Water Miles

Introducing Peak Water and Water Miles

December 10, 2008 at 3:38 pm Leave a comment

The following was first printed in The Last Straw Journal, an international Straw Bale building journal, in their special feature on Water Conservation and Management:

Introducing ‘Peak Water’ and ‘Water Miles’

by Craig Brown – Waiheke Island, New Zealand

As with energy, there are few parts of the world that could claim to be using their water resources sustainably. I wish to introduce two concepts to help explain why we cannot continue to use water in the way that we do today (that’s what unsustainable means in its purest form – something that we can’t continue to do). The issues can seem very large and the solutions may appear impossible or large-scale, but I hope to demonstrate that, in fact, the required responses are small-scale, but multiple.

The two concepts I want to introduce are undoubtedly not original, although I did think of them myself: Peak Water and Water Miles. I say not original as a quick google search shows that people are already talking about Peak Water. Although I can’t find any discussion about Water Miles, someone has reserved the website www.watermiles.com. I personally have reserved www.peakwater.org.nz and www.watermiles.org.nz and I hope to have something on these sites (with a New Zealand focus) in time for the publication of this article.

What is Peak Water?

Peak Water is based on the concept of Peak Oil, which is understood to be the time when the maximum production of oil has been reached and volumes will decline thereafter. If all the earth’s remaining oil was as easily accessible as that which we have already used, or are using now, this would not happen for some time. However, most of the world’s remaining oil reserves are so inaccessible that to extract them would be very expensive (costing far more than it could be sold for today) and in some cases environmentally damaging.

It is likely that we’ve just nearly reached the peak of oil production and therefore oil prices will head ever upwards as demand exceeds supply and acquisition becomes more expensive. This may not be a bad thing as the current level of use has been a major contributor to greenhouse gas emissions and we need to reduce these to avert catastrophic climate change.
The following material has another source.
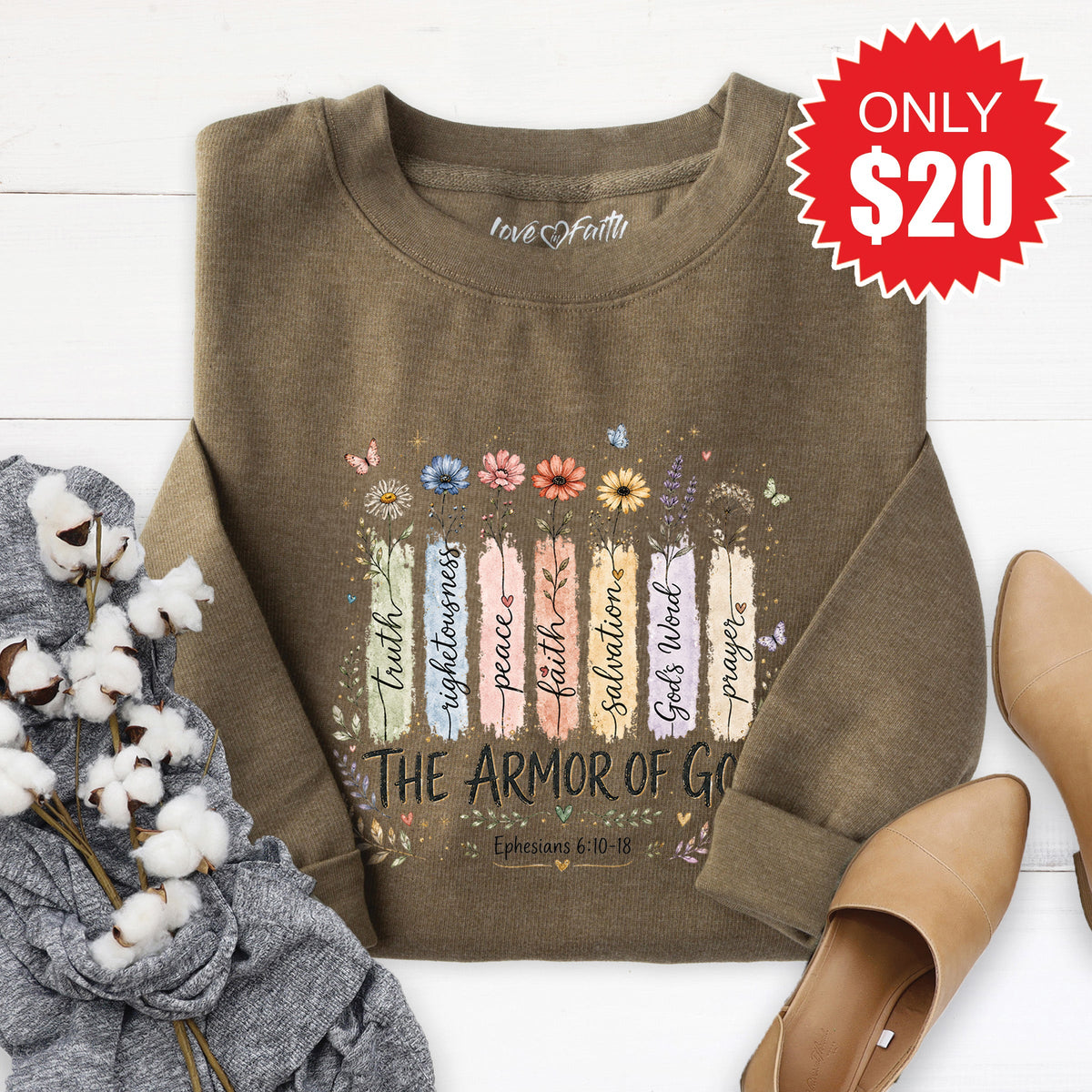 The Armor Of God Sweatshirt - Heather Olive - 20 product image 1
However, unless demand is reduced or cleaner energy supplies are found, there is likely to be a movement towards even dirtier sources of energy initially. Sometimes Peak Oil is referred to as Post-Cheap-Oil.

Peak Water is similar in that in many places in the world the easily accessible water is being used to full capacity, or indeed beyond full capacity. The High Plains region of the United States is one of those places, which produces a very significant part of the nation’s food crops by irrigating the semi-arid landscape with water from the Ogallala Aquifer. Unfortunately the aquifer recharges very slowly and depletion rates have been measured to be up to 100 times faster than recharge (figures vary widely but none have recharge even close to depletion rates). The population of this area depends on the aquifer for its drinking water and for its economic prosperity.
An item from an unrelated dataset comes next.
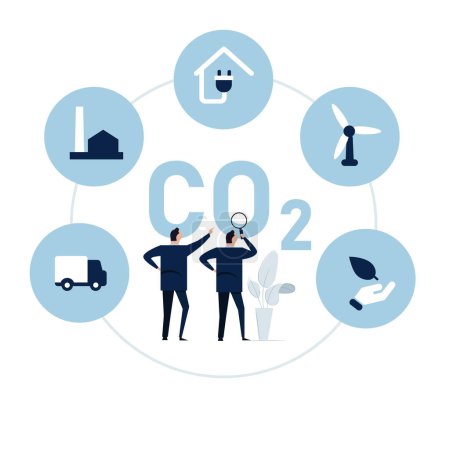 Illustration for Businessman discuss CO2 carbon neutral zero emissions for environment climate change by using energy alternative vector - Royalty Free Image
The US department of Agriculture estimates that 16% of cropland in the US is irrigated, largely in the Western United States[1]. That acreage grows more than half the value of all US crops. Without irrigation food production would dwindle. Already there are farms that can no longer access the aquifer[2] and others that are drilling deeper wells and using more power to bring the water to the surface with pumps. This pattern has been seen in many other places, such as India, where there are booms in groundwater use, followed by busts where entire regions experience crisis as the water runs out.[3] In other locations rivers[4], lakes[5] and even whole seas[6] have dried up as demand for irrigation, industry and domestic supply have exceeded the capacity of the resource.

Like oil, water can be obtained from more expensive and/or dirtier sources, such as a new dam, a pipeline from a more water-rich location (like Alaska or Canada) or by processes such as seawater desalination. One must consider not only the financial cost of these projects, which is substantial, but also the environmental costs on the source location and the energy costs of the pumping or extraction.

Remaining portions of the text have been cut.